Interesting news this morning about the poor, poor Cardinals and their razor thin profit margin.
Bill DeWitt Jr. said in news reports that the team had to shave $8 million off it's payroll (actually, by my calculations, it was at least $15 million, but it's hard to say with the team's ever changing payroll claims) because revenue is expected to be down in 2009 from last year when the club ONLY saw a $25 million profit.
The Cardinals gave doom and gloom projections over the winter about decreased revenues and used it as an excuse to do nothing while several big ticket contracts expired from their balance sheet. But it has already sold 2.7 million tickets, putting it well above the major league average for attendance. (They may see some advertising revenue loss, but the team has a $100 million, 30-year naming rights deal for the ballpark and Busch Stadium is the most popular advertising venues in St. Louis even if it is a down market.) It's a safe bet it will top the 3 million mark before all is said and done, putting the Birds in the top handful of clubs in drawing power but the middle of the pack in terms of payroll. Meanwhile, I have seen the price of my tickets increased two years in a row...

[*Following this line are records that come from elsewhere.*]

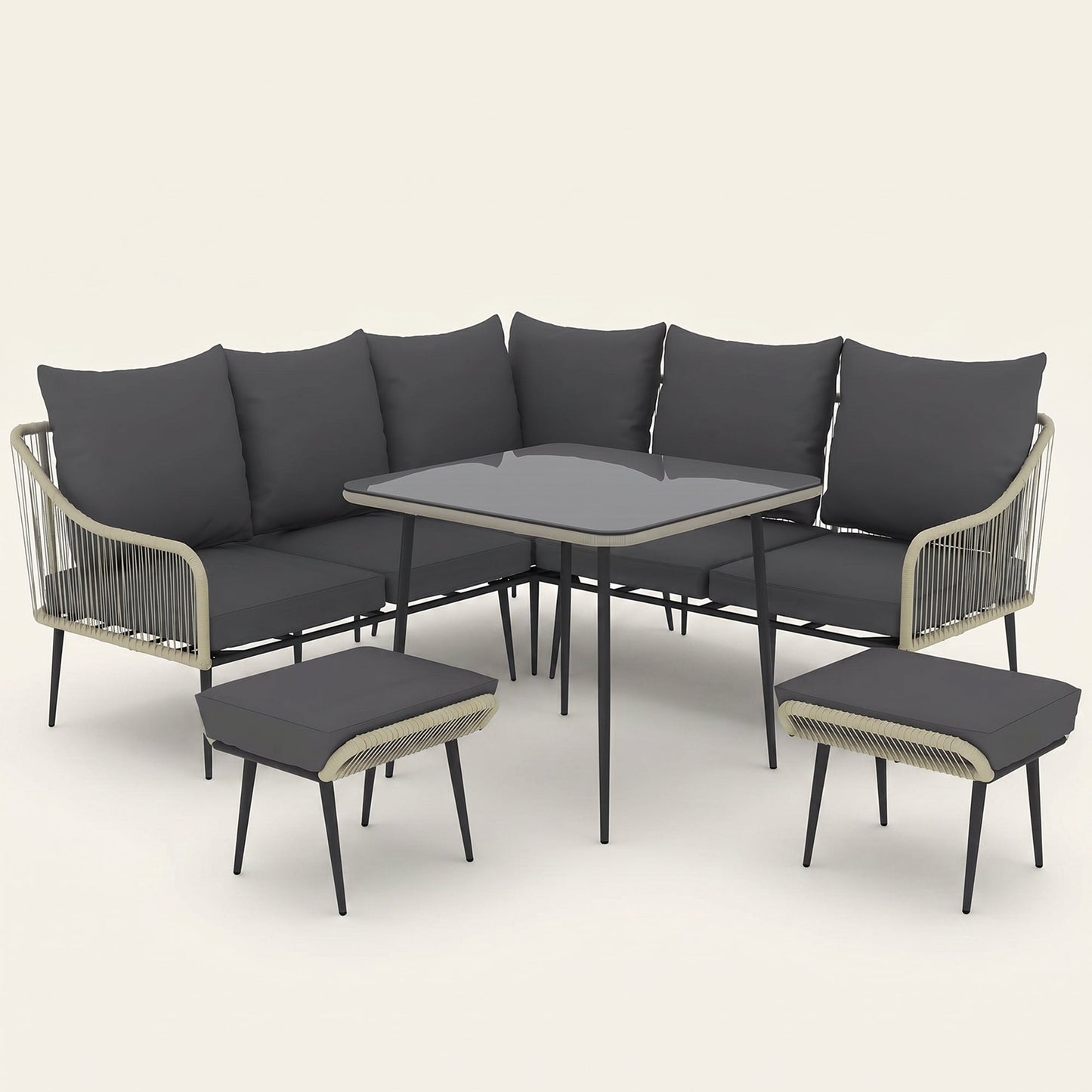 ARVOYA 6 Pieces Garden Corner Rattan Sofa Set w/ Thickened Cushions and Glass Top Table, Light Grey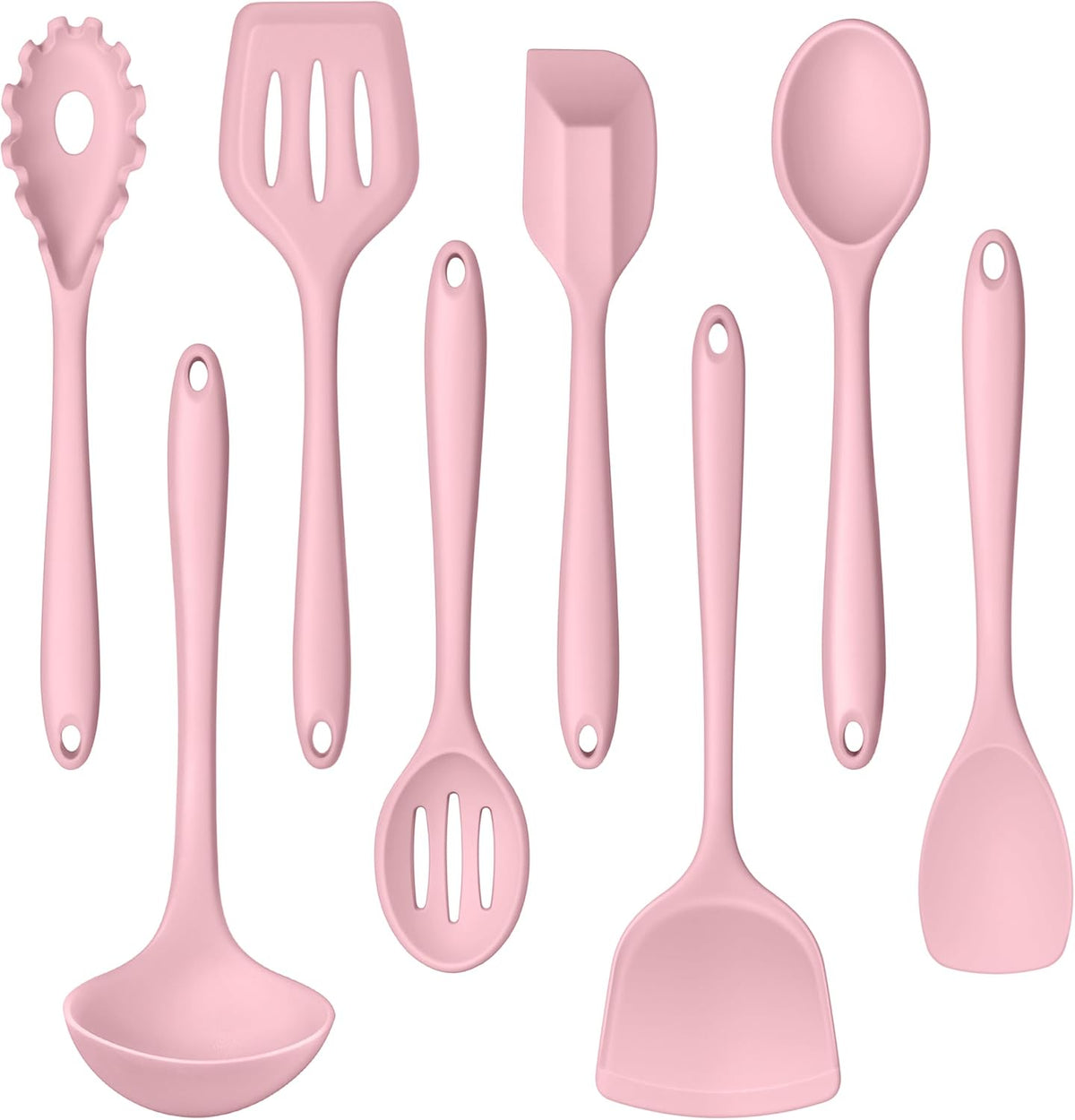 Pink Silicone Cooking Utensils Set of 8, Non-Toxic Kitchen Utensils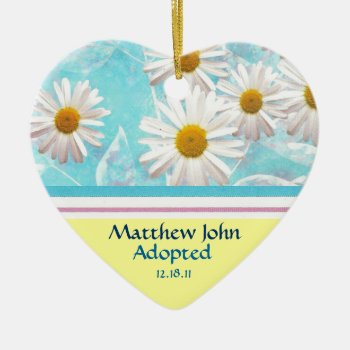 Daisy Floral Birth Announcement Ornament by AdoptionGiftStore at Zazzle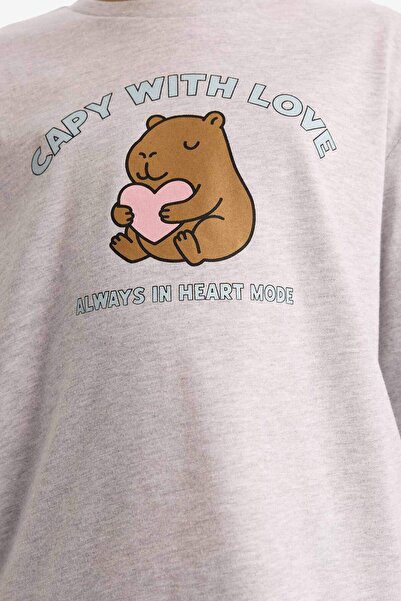 DeFacto Girls Pajama Set Printed Long Sleeve Top Patterned Long Bottom G2766A825Wn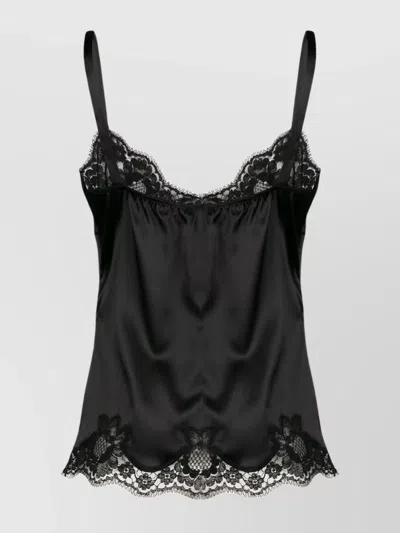 Dolce & Gabbana Sultry Black Silk Camisole Top In Black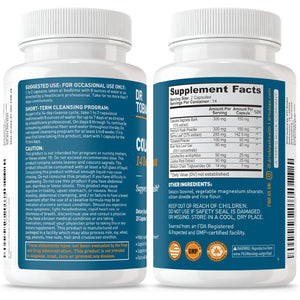 Dr. Tobias Colon Cleanse - Constipation Relief & Gut Health Support for Women & Men | 14 Day Colon Cleanser for a Gentle Colon Detox & Gut Flush - 28 Capsules (1-2 Daily)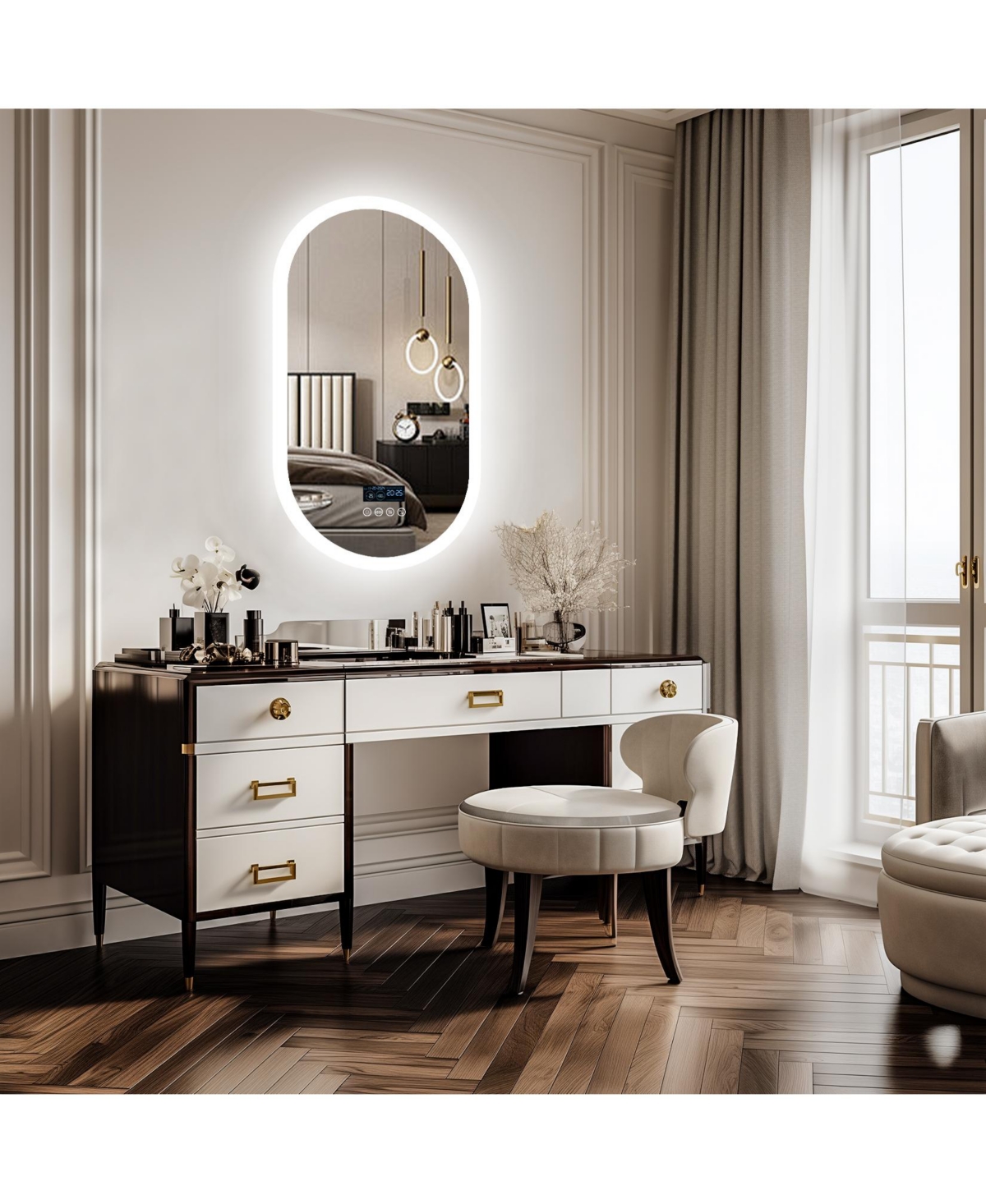 Luvodi 32"x20" Smart Oval Led Bathroom Mirror Bluetooth Speaker Time Temperature Display Front&Back Lit Memory Function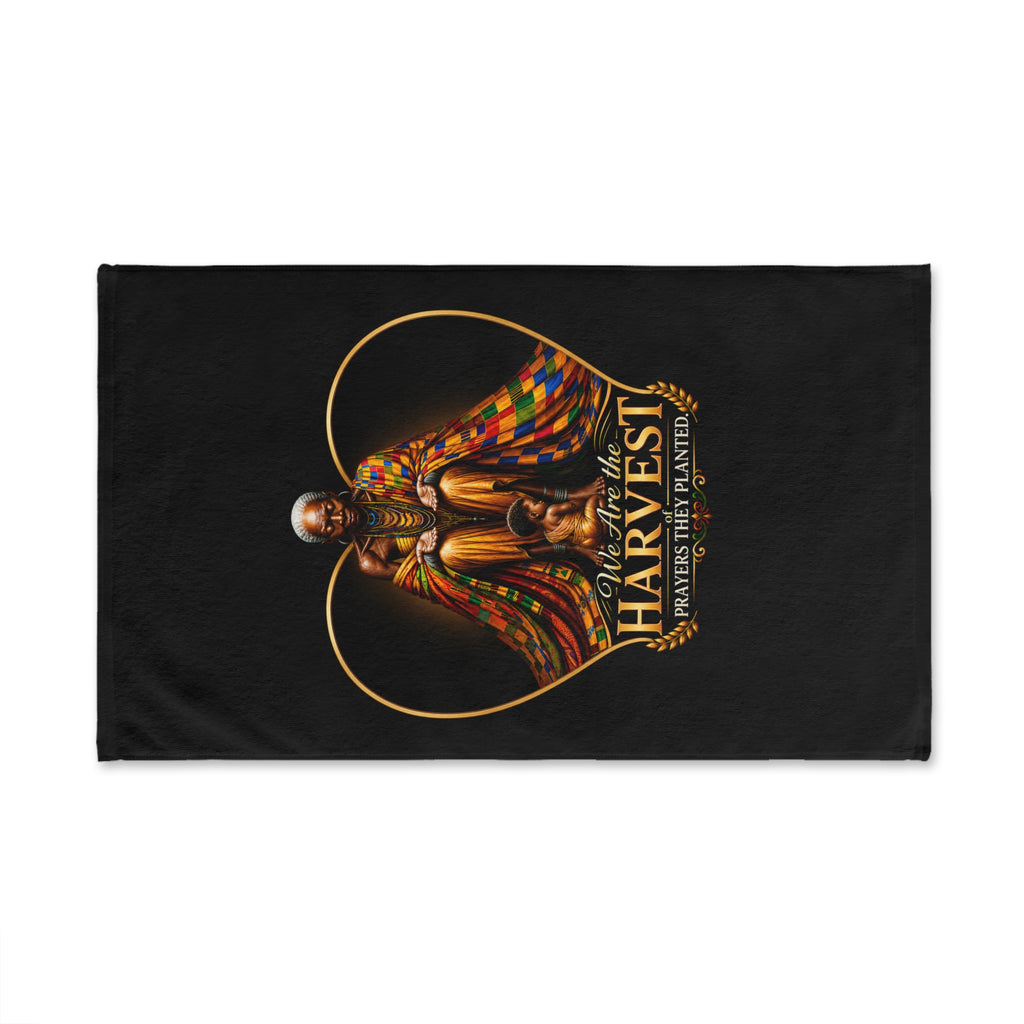 TimeWarp Drip – Hand towel in vibrant multicolor, bold figure with raised arms framed by Heritage Heart, urban legacy graphic energy. | premium streetwear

Several of my well respected co-workers were laid off this week due to the poor economy. Those of us who still have our jobs are making due with pay cuts. It's a common theme across the country. I can speak from personal experience that it hurt more than ever to write my season ticket check this year. Everybody is doing with less -- except the Cardinals. When money gets tight, they water down the product and raise the price. Why should the owners have to suffer along with the peasants?
So forgive me if the sob story falls on deaf ears. Especially with the Cardinals excuse that much of their profit goes to debt service on the stadium.
Here's an excerpt from a post I published Jan. 3 called "Brother can you spare 100 million dimes." It sheds a little light on who is actually paying for Busch Stadium III. (Here's a hint: it's you and me.)
While the Cardinals claim they are footing the bill for the $388 million new ballpark almost entirely out of the operational revenue of the club, it is actually being completely paid for by the taxpayers -- and then some.
Back in 2005, the city of St. Louis eliminated a five percent amusement tax on Cardinals tickets to help get the stadium built. According to St. Louis Journalism review, the elimination of that tax will put $350 million in the pockets of DeWitt and company over the first 30 years Busch Stadium III is in business.
The SLJR reported in June 2007 that the Cardinals will get far more than just to pocket the five percent they were paying to the cash-strapped city. According to the publication, the Birds get:
* $20 million from property tax abatement on the new stadium over 25 years by the city of St. Louis. The Cardinals paid $604,000 in property taxes in 2005.
* $108 million, what it will cost St. Louis County taxpayers to retire the $45 million of bonds sold for the stadium.
* $42.7 million from the state of Missouri for tax credits and highway ramp construction.
* $100 million over 30 years from the naming rights for the new stadium. It has been estimated it would be worth $3 to $5 million dollars annually. The actual amount isn't known because the Cardinals have refused to divulge the information.
* $40 million from the Ballpark Founders Program, which charged season ticket holders an additional $2,000 to $7,500 for the better seats in the new ballpark.
* $10 million from selling memorabilia from the old Busch Stadium: 11,000 to 14,000 pairs of seats at $600 a pair, signs, urinals, etc.
The cost of subsidies from taxpayers for the new ballpark comes to around $520 million. Other sources of revenue are about $150 million. This does not include the considerable amount of increased revenue the Cardinals will take in from other sources at the new ballpark--higher ticket prices, premium seats, luxury suites, increased advertising, etc.
The ballpark deal will also considerably increase the value of the team. When it is sold, the Cardinals' owners can expect to make a profit of at least $600 to $700 million. This assumes they will hold on to the team until 2013. They would incur penalties if they cash out before then.
The Cardinals' owners bought the team in 1995 for $150 million. This included the stadium, adjacent parking garages and various parcels of land. The parking garages and some of the land were sold for $101 million, giving them a baseball team at a net cost of $49 million.
According to Forbes magazine, the Cardinals are worth nearly 10 times that amount in 2008.
So, enough of the crying poor. Let's get some freaking players. The Cardinals can easily afford a $125 million payroll like the poorer drawing Mariners and Tigers while still making a reasonable profit. And anything less is just the team lining its pockets.
Best case scenario: The Cardinals didn't want a new ballpark to make the team more competitive. They wanted one to make their investment more profitable. And I resent the way fans are being treated while they take advantage of us to insulate themselves from the economy.